From: Dmitry Vyukov <dvyukov@google.com>
To: "Levin, Alexander" <alexander.levin@verizon.com>
Cc: "tglx@linutronix.de" <tglx@linutronix.de>,
"scientist@fb.com" <scientist@fb.com>,
"glider@google.com" <glider@google.com>,
"andreyknvl@google.com" <andreyknvl@google.com>,
"rostedt@goodmis.org" <rostedt@goodmis.org>,
"arnd@arndb.de" <arnd@arndb.de>,
"mathieu.desnoyers@efficios.com" <mathieu.desnoyers@efficios.com>,
"daniel.vetter@ffwll.ch" <daniel.vetter@ffwll.ch>,
"linux-kernel@vger.kernel.org" <linux-kernel@vger.kernel.org>
Subject: Re: [RFC 1/3] abi_spec: basic definitions of constraints, args and syscalls
Date: Wed, 14 Dec 2016 20:46:25 +0100 [thread overview]
Message-ID: <CACT4Y+b_M3J2xB-CpOafFizRGWeK=dWAkQQ-6WFyFSda-VdDQA@mail.gmail.com> (raw)
In-Reply-To: <CACT4Y+aGGf_u0D3Xkt3yNRG-WXF_bCf_BSaE0FwretT3D3aTiQ@mail.gmail.com>
On Mon, Dec 12, 2016 at 11:45 AM, Dmitry Vyukov <dvyukov@google.com> wrote:
> On Mon, Dec 12, 2016 at 11:29 AM, Dmitry Vyukov <dvyukov@google.com> wrote:
>> On Wed, Nov 23, 2016 at 3:59 PM, <alexander.levin@verizon.com> wrote:
>>> On Mon, Nov 21, 2016 at 03:48:17PM +0100, Dmitry Vyukov wrote:
>>>> Several observations based on my experience with syzkaller descriptions:
>>>> - there are 2 levels: physical and logical;
>>>> on physical level there are int, pointer, array, struct, union;
>>>> and that's pretty much it.
>>>> on logical level there are flags, bitmasks, file paths, sctp socket fds,
>>>> unix socket names, etc.
>>>> These levels are almost completely orthogonal. It would be useful to
>>>> clearly separate them on description level. E.g. now you have TYPE_PTR and
>>>> TYPE_INT which is physical level; and then TYPE_FD which is also an int.
>>>>
>>>> - logical types won't fit into 64 bits, there are more of them
>>>
>>> I agree with your two points above.
>>>
>>> As an example, let's look at:
>>>
>>> int epoll_ctl(int epfd, int op, int fd, struct epoll_event *event);
>>>
>>> epfd would be a physical int, logical "epoll_fd", and constrainted with being
>>> an open descriptor.
>>>
>>> fd on the other hand is tricky: it's a physical int, logical fd, and
>>> constrainted with being a file descriptor that supports poll, and being
>>> open.
>>>
>>> So while I think that logical types can be just a counter rather than a bitmask
>>> I suspect that our constraints won't fit into 64 bits.
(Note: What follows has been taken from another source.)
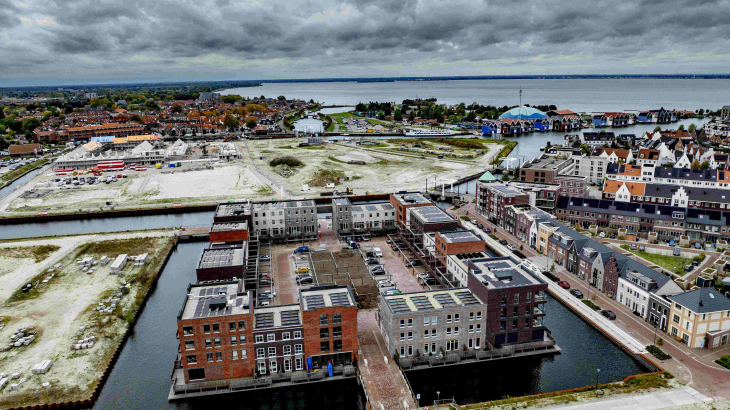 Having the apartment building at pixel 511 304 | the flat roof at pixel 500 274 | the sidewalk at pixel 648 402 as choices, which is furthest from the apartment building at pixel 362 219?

Make 2 64 bit fields?
>>
>> One observation is that there are just 5 physical types:
>> - scalar
>> - pointer
>> - array
>> - struct
>> - union
>>
>> The rest deals with what exactly "scalar" is in a particular case.
>>
>> I don't yet have complete answer, as it somewhat intermixed with the
>> rest of questions.
>>
>>
>>
>>>> - we need support for recursive types (yes, there are linked lists in
>>>> kernel APIs)
>>>
>>> I imagine that this will be handled by specific logical type handlers we'll
>>> need to implement. Can you give me an example and I'll try to code that?
>>
>> One example is te_oper_param here:
>> https://android.googlesource.com/kernel/tegra/+/android-tegra-3.10/security/tlk_driver/ote_protocol.h
>> next_ptr_user is a pointer to te_oper_param. Thus recursive definition.
>>
>> Another example is snd_seq_ev_quote:
>> http://lxr.free-electrons.com/source/include/uapi/sound/asequencer.h#L194
>> it contains struct snd_seq_event *event and snd_seq_event recursively
>> contains snd_seq_ev_quote.
>>
>> In all cases it is pointer recursion via structs.
>>
>> Sometimes it wish that developers have to write formal descriptions in
>> a limited language upfront. That would probably eliminate lots of
>> weird one-off "see what I invented here" cases :)
>>
>>
>>
>>
>>>> - we need support for input/output data
>>>> currently syzkaller does this only on pointer level, i.e. you
>>>> attach direction to pointer target
>>>> but that's not enough, frequently there is a struct where one field
>>>> is input and another is output
>>>
>>> Assuming it's "data", for intput we'll just need to check that the given
>>> length is readable and for output that the length is writable, no?
>>
>> It also can be an fd in a struct field. If it's output (e.g. pipe),
>> then we must not check that it's valid on entry. But we may want to
>> check that it's valid on successful exit, or fuzzer will use these
>> output fd's as inputs to other calls.
>>
>>
>>> We can do it with constraints right now.
>>>
>>>> - we may need support for reusing types in several arguments
>>>> e.g. you may have a pretty complex type, and you don't want to
>>>> write it out a dozen of times
>>>
>>> Yup, so if we go with the physical/logical split we can have handlers for
>>> logical types.
>>>
>>>> - we need some support for discriminated syscalls
>>>> if we want to support strace usecase, the support needs to be more
>>>> extensive than what syzkaller has;
>>>> i.e. syzkaller can't restore discrimination having actual argument
>>>> values (it can do it only in the other direction)
>>>>
>>>> - I would not create a special support for arguments;
>>>> rather I would create support for structs and struct fields,
>>>> and then pretend that a syscalls effectively accepts a struct by value
>>>
>>> But that means I need a custom handler for every syscall to parse the
>>> struct fields rather than a generic code that goes through the args and calls
>>> the right handler?
>>
>> No, you don't. We will need generic code that parses a piece of memory
>> as a struct and splits it into fields anyway.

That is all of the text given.